■ **Task item**
Exact copies of the lines below are the goal; any images in them are dropped.

■ **Data excerpt**
*** Begin section ***
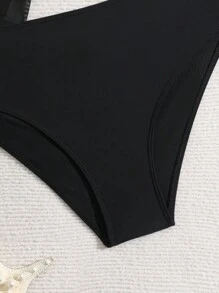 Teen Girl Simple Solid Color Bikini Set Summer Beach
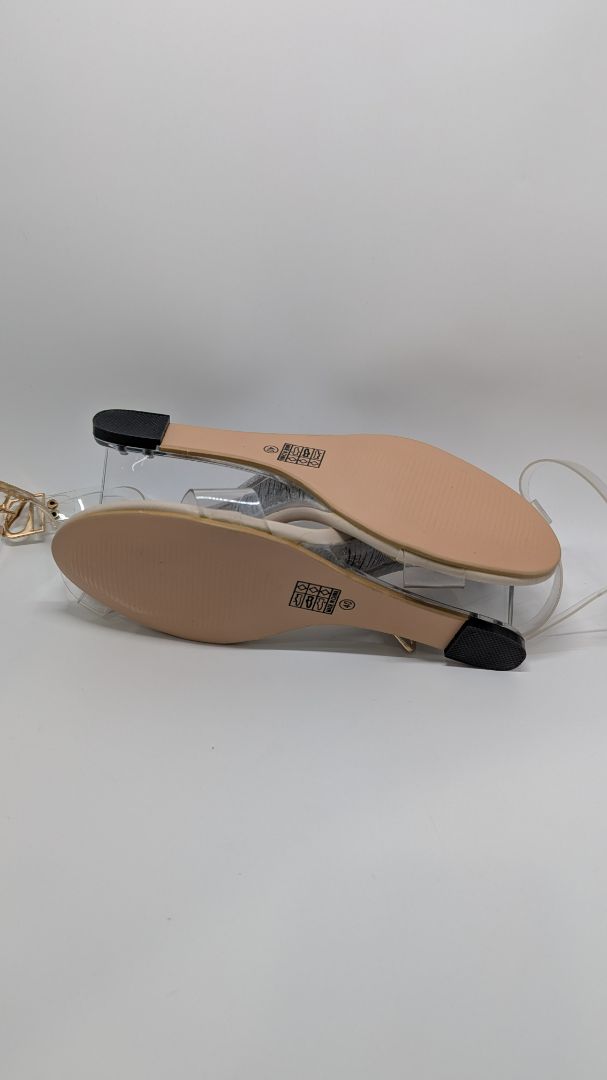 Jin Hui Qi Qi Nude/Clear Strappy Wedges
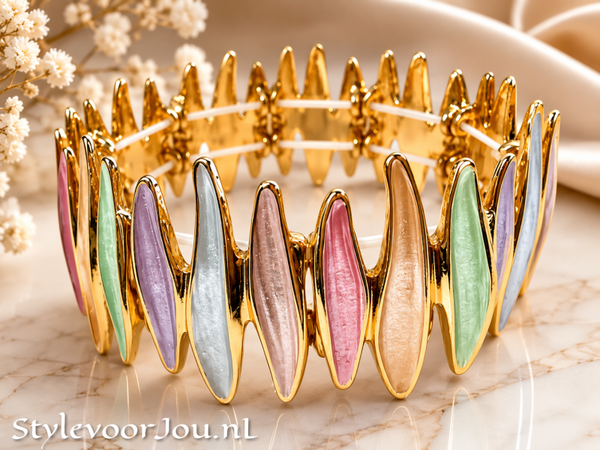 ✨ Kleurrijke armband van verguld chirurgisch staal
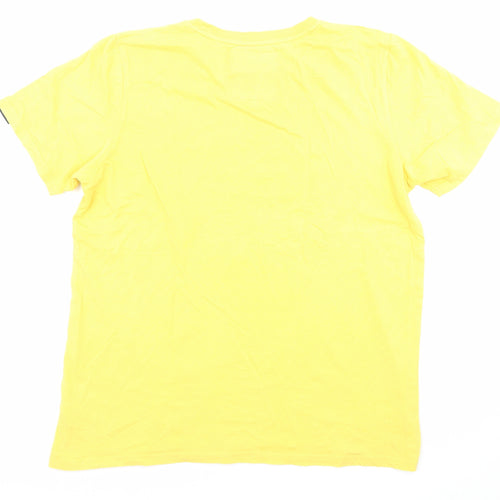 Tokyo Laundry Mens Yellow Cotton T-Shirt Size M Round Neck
*** End section ***
■ **Your solution**
 Teen Girl Simple Solid Color Bikini Set Summer Beach
 Jin Hui Qi Qi Nude/Clear Strappy Wedges
 ✨ Kleurrijke armband van verguld chirurgisch staal
 Tokyo Laundry Mens Yellow Cotton T-Shirt Size M Round Neck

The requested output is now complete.